In this episode, a Federation-wide speed limit is put in place because of the harmful effects that traveling at high warp has on subspace. While it is never mentioned in any of the TV series or movies, it was mentioned in a book that the new class 9 warp drive being tested in the new Intrepid-class star-ships, such as the U.S.S. Voyager, had been designed to not have those harmful effects on subspace.
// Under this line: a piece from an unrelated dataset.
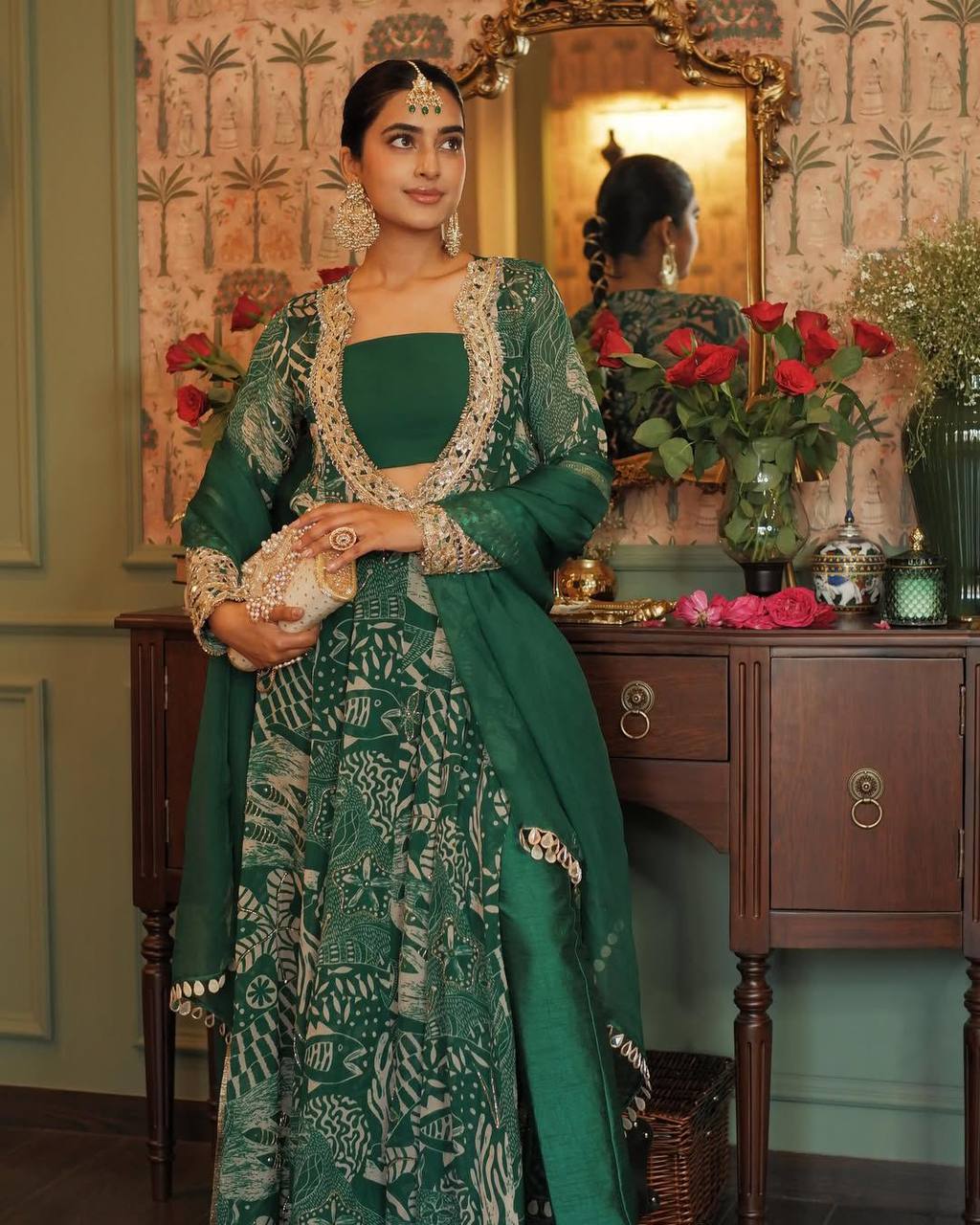 NEW TRENDY FOUR PIECE INDO WESTERN TOP BOTTOM BLOUSE WITH DUPATTA IN EMBROIDERED WORK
So, after the new class 9 warp drive tests were successful all Starfleet vessels had their warp cores replaced with new ones with similar modifications to the class 9 warp drive, which is why the Federation-wide speed limit is never brought up again.
The episode derived from a premise Joe Menosky had created back in the sixth season, known as "Limits". Menosky's allegory for modern-day environmental problems was dropped as an element from several episodes that season, including Suspicions (1993).
Data's attempts to keep training Spot from not jumping onto his desk would still be unsuccessful going into 2371, as shown in Star Trek: Generations (1994).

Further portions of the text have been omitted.